Thursday, July 10, 2008

Emotional Roller Coaster

Nathan and I have been on an emotional roller coaster the last couple of weeks. We were really excited when our case worker called us and said that a birth mom wanted to place her 3 year old son and wondered if we wanted to be presented. He said both parents were willing to sign relinquishments. This was the ideal situation for us and so we said yes. Then we waited. When we did not hear anything after several days I called him. I can't imagine giving someone that kind of news and then not calling to fill them in. I mean we were in agony. So anyway when I talked to him he told me that the birth mom wanted to talk to me and that they hoped to have placement done in two weeks. I nervously called the birth mom who I instantly loved. She told me all about her little boy who was actually two but would be turning three at the end of the month. She also said that the birth Dad was not fully on board. She asked a lot of questions and asked me to e-mail pictures. When she said that the birth dad was not fully on board I think Nathan and I both tried putting up our guard. However, I e-mailed her some picture and told her to check out the blog that I had quickly created just for her. The next day I received an e-mail letting me know that she wanted to place her little boy with us. The e-mail include pictures of one of the most adorable little boys you have ever seen.

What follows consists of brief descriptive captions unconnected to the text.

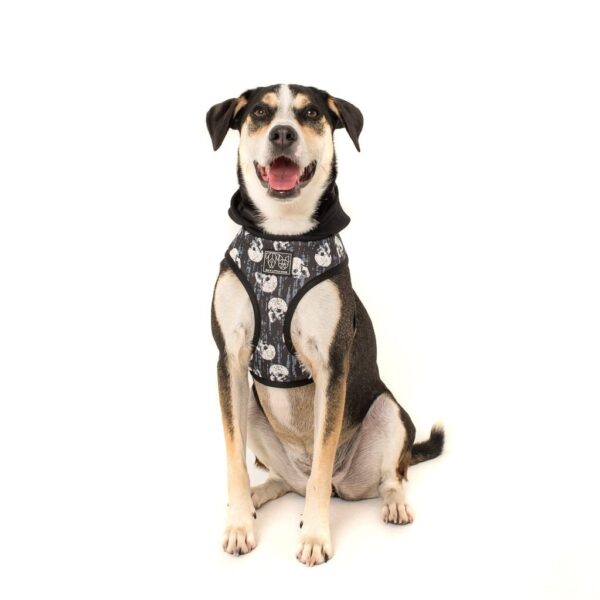 Dog wearing a Big & Little Dogs 'Trouble Maker' Black Skull Print Hoody Dog Harness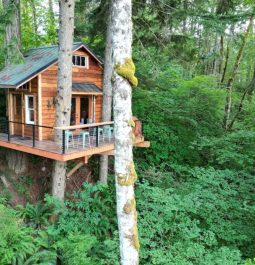 Treehouse surrounded by lush greenery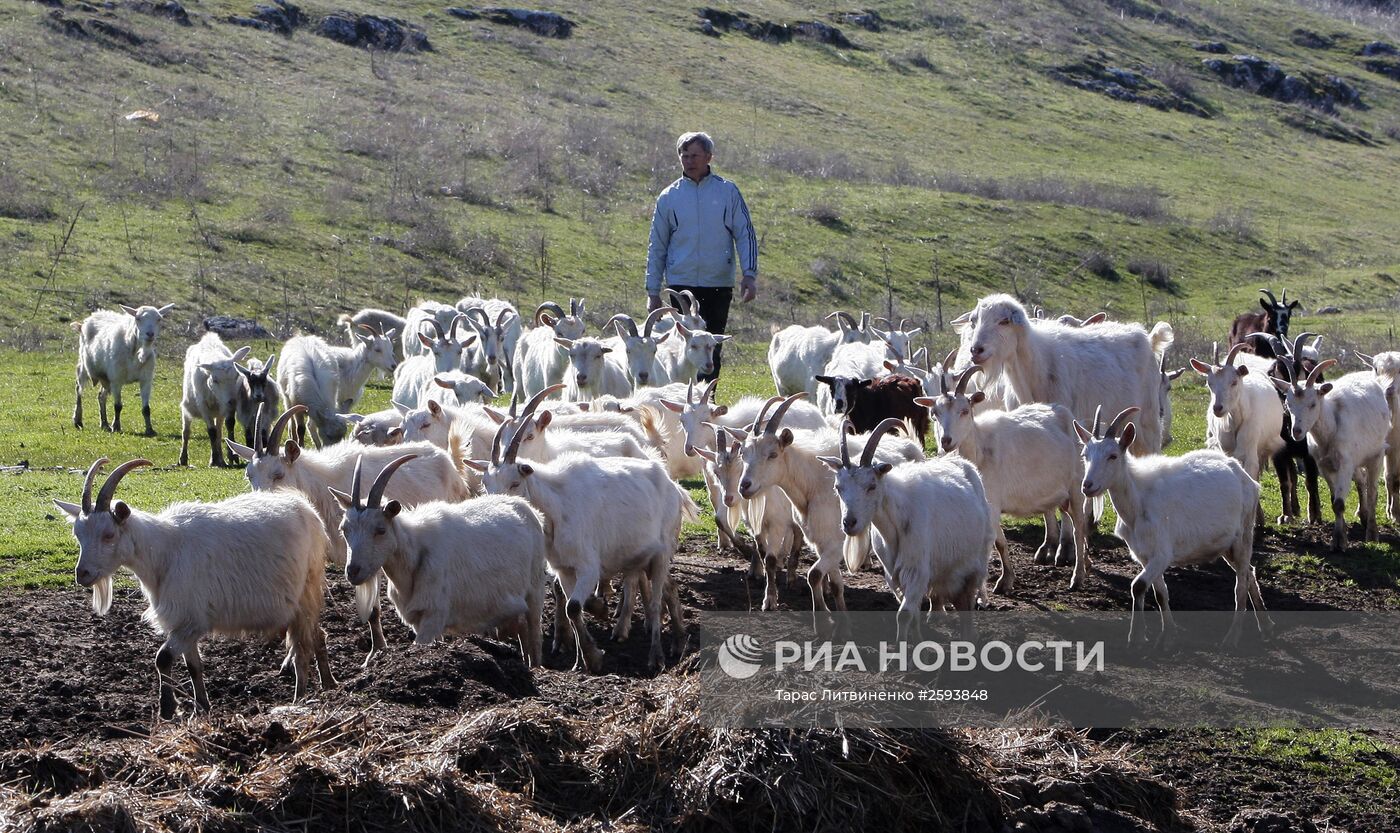 Козья ферма в Крыму | РИА Новости Медиабанк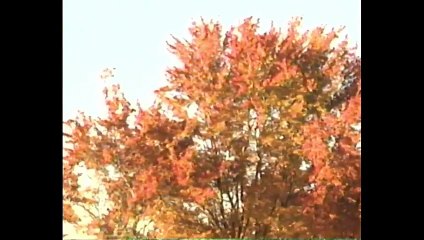 Reading Rainbow - Giving Thanks: A Native American Good Morning Message (1996)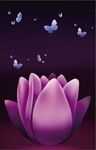花背景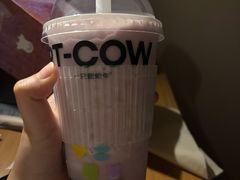 -一只酸奶牛(八一路店)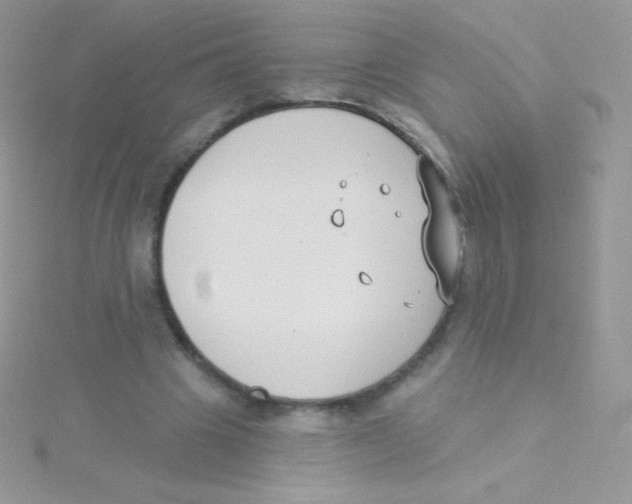 X0000115050441200911231157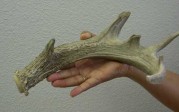 Matt Hopkins Coues Shed Antler 1995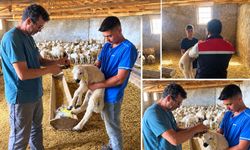 Gülağaç’ta hayvanlar tek tek aşılanıyor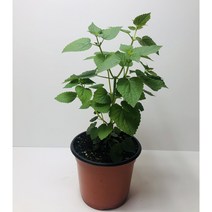 방아화분18cm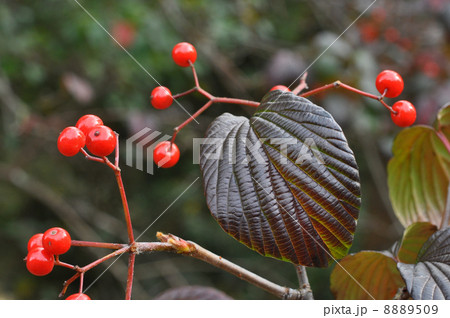 ミヤマガマズミ果実 8889509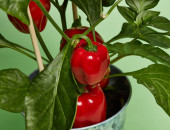 Gartencenter Kremer. Die Naturtalente | Snack-Paprika ‘Pick & Joy’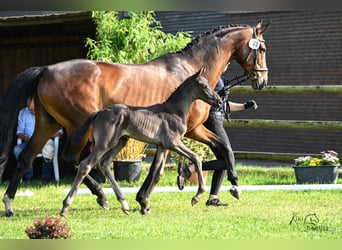 Hannoveraan, Merrie, 14 Jaar, 175 cm, Bruin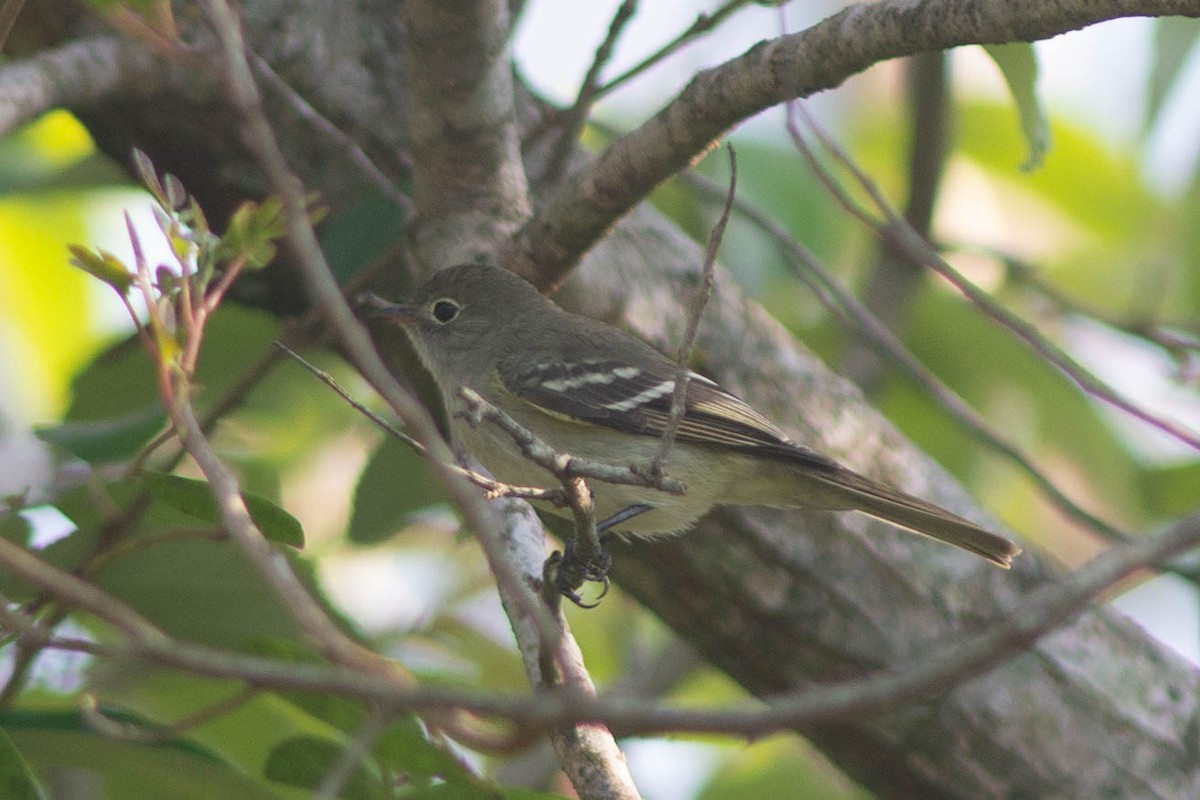 Olivaceous Elaenia - ML643420787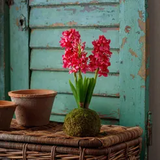 Farmhouse Stems & Planters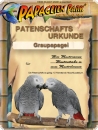 Spende/Patenschaft Graupapagei EGON PAUL 12 Monate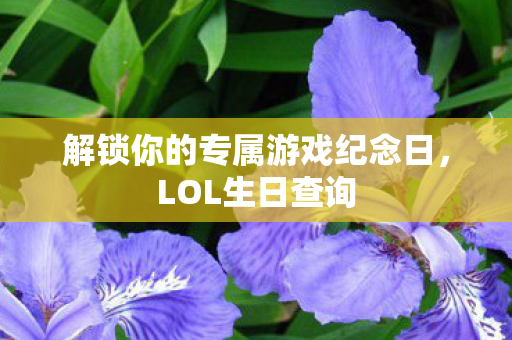 解锁你的专属游戏纪念日图片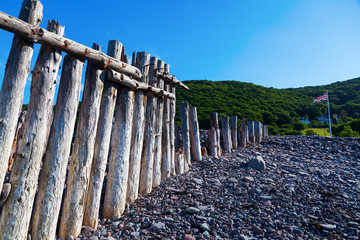 Fototapeta premium Holzpfähle einer Buhne in Porlock Weir, Somerset, England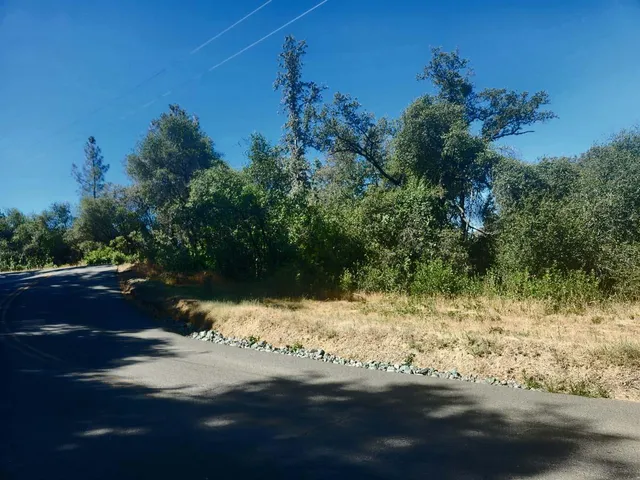 a view of a yard with trees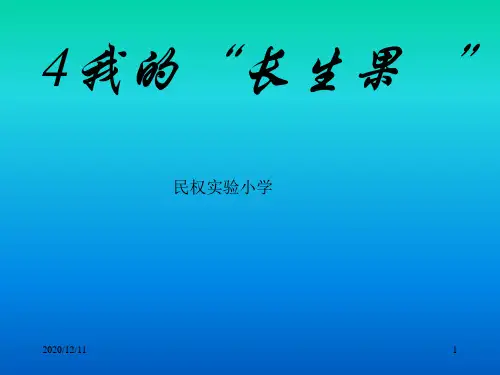 我的长生果PPT教学课件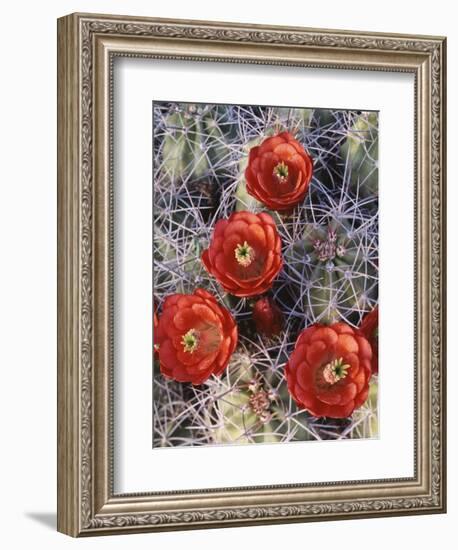 California, Joshua Tree National Park, Claret Cup Cactus Wildflowers-Christopher Talbot Frank-Framed Photographic Print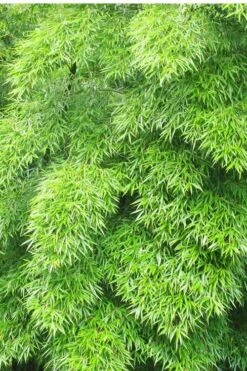 Moso Giant Bamboo (Phyllostachys Edulis 'Moso') - 3 Gallon Pot (2-4') -Plantify Shop Bamboo Moso 11 1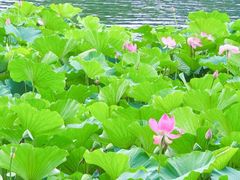 -承德避暑山庄景区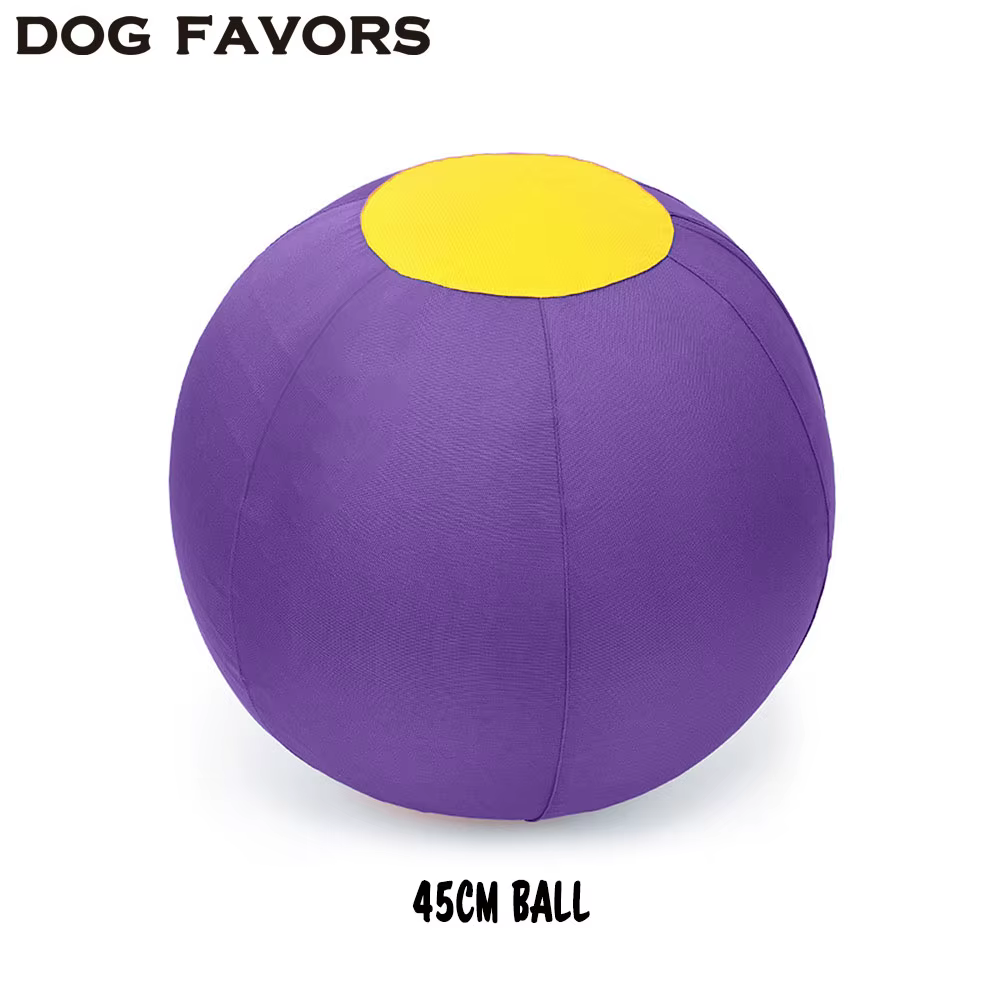 Jouets géants pour animaux de compagnie : balles de jeu d'extérieur pour chiens de taille moyenne et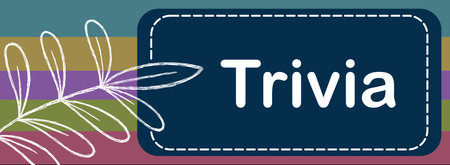 Trivia text written over colorful background with foliage sketch.の写真素材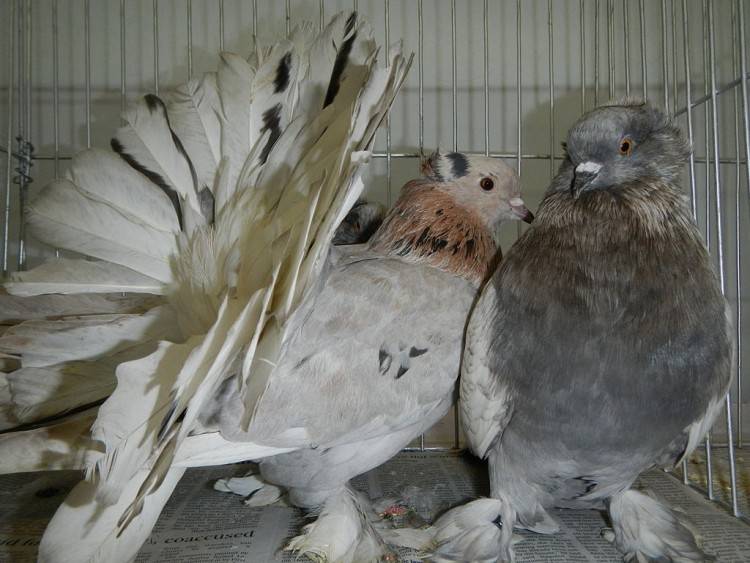 Разведение голубей в домашних условиях для начинающих. как набраться опыта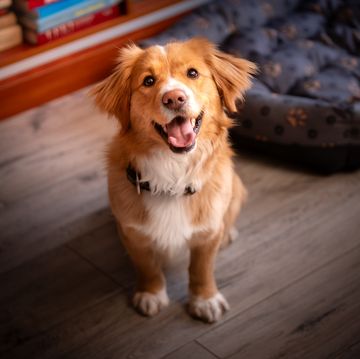 nombres cortos de perro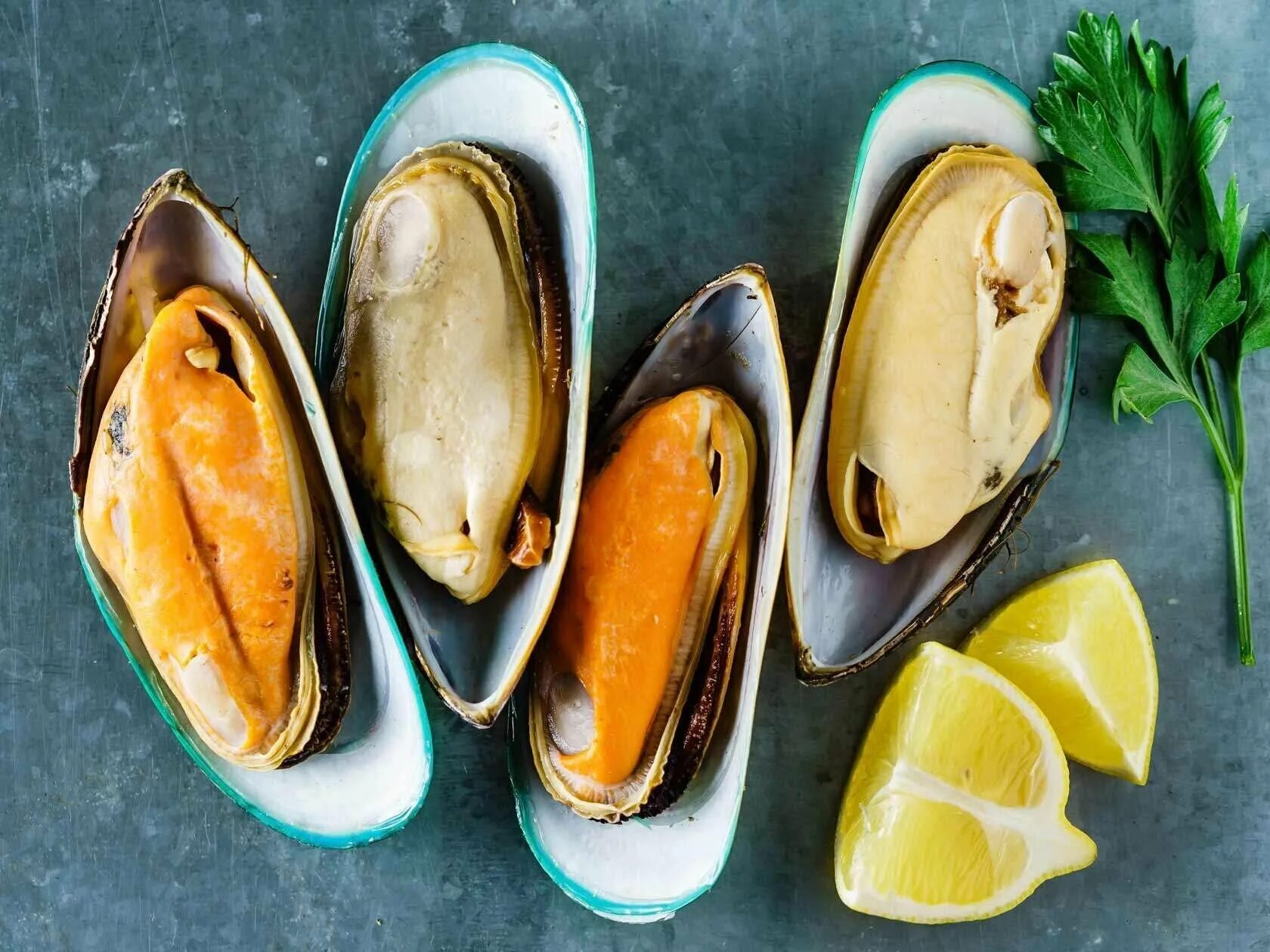 Цвет раковины мидии. Мидии киви greenshell mussels. новозеландские мидии киви. new zealand greenshell mussels. мидии киви на полустворке.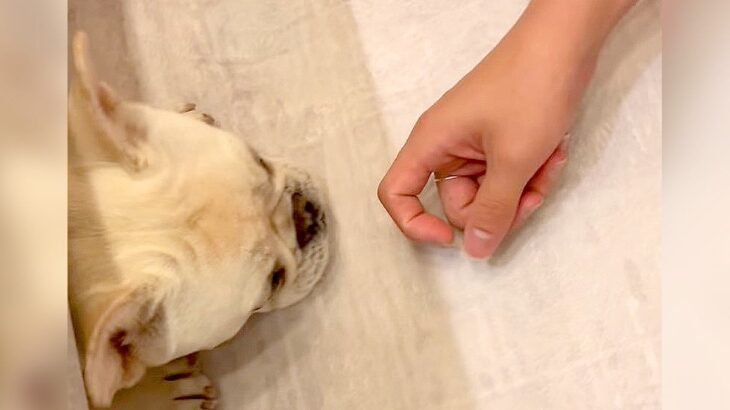 なぜか犬の様子がおかしい…新しいラグマットに『過剰反応』する光景が面白すぎると62万再生「喜びの舞？ｗ」「可愛すぎだろ」絶賛と爆笑の声(ブログ)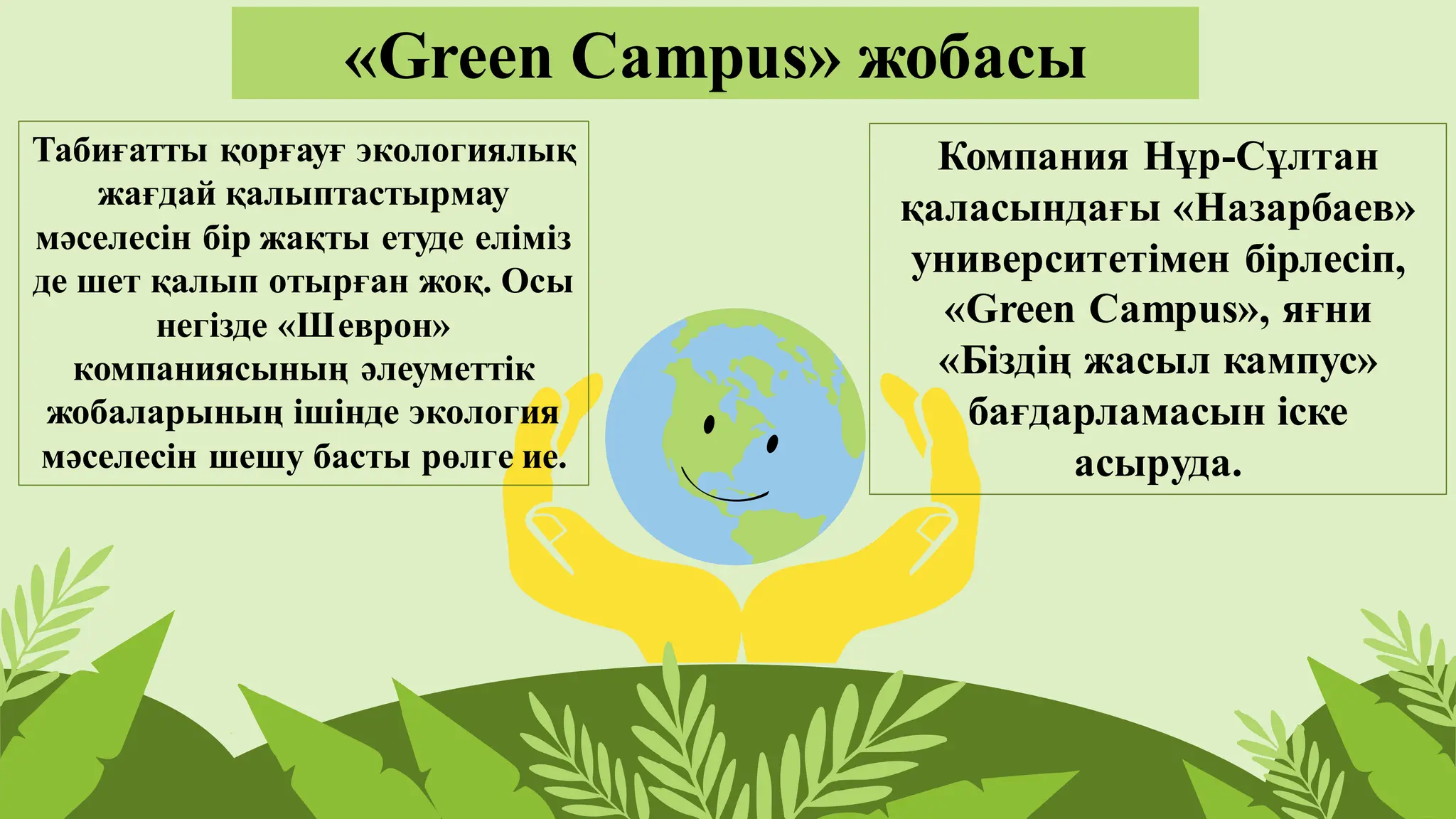 Веб-камерада кеңседе мастурбация жасау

So, despite the fact that we knew Dad wasn't on board we started falling in love. I mean it is so hard not to get your hopes up and start day dreaming about life with two little boys. Again we didn't hear from our case worker for several days. So, again I called him. I explained that according to birth mom, birth dad was not fully on board and that until we knew where he stood we did not want to start doing visits. Again we didn't hear anything for several days so I called our case worker again. He asked when we wanted to start visits. I asked if everything had been worked out with birth dad and he said that it hadn't. I again explained how we felt. We wanted what was best for everyone. We did not want our hearts broken and we especially did not want to confuse this little boy. He said that it shouldn't be a big deal to get dad's relinquishment but they needed our finger prints back before they could place him in a home out of his state.

Again several days went by and I called our case worker. I explained that my family had a cabin in the state the little boy lived in and we could stay there if it would speed up the process. He said it would and said again that it shouldn't be to hard to get dad to sign the relinquishment. The next day I got an e-mail from the birth mom. She said that Dad was not willing to sing and she obviously couldn't place without his consent. She went on to say that she continued to hope that her little boy could be part of our family. To date I haven't heard a word from our case worker.

It may sound crazy but we do love that little boy and his birth mom. We want what is best for them.

It is a little bit frustrating. I told Nathan I was not going to call our case worker this time. I was going to wait and see how long it took him to call us with the news that Dad won't agree to placement. It is sad to say but the more money you have to spend the smoother things go when it comes to adoption, at least that has been our experience. Like Nathan said last night it is a lot better experience to adopt when you have $20,000 in the bank.

I just keep telling myself that we are supposed to be learning something from each of these experiences. I also know that these things don't happen by chance. Our child won't end up in some other family. We just have to be patient learn what we can from each experience and keep on praying.

P.S. If you know someone who knows someone who is considering an adoption plan for their child or infant keep us in mind.

3 comments:

Anonymous said...

Your case worker sucks!!! I hope that everything works out for you guys. I'm sure it will. You have a great way of looking at everything-although I'm sure it's an emotional rollercoaster!

Jen said...

Hi Katie and Nathan,
Rusty said Brayker and Marcus had the best time playing together at the reunion on Saturday. I'm so glad we found your blog so we can keep track of you better! Take care ~ Jen

Hanna said...

Hi. I didn't know that you were adopting again until I saw your sister. I found your blog through a friends, hope you don't mind. Are you going through LDS Family Services? I'm sorry that you are experiencing the roller coaster ride! I understand about loving the birthmother and child. We continue to pray for children everyday in situations that didn't work out. I hope that you find your little miracle soon!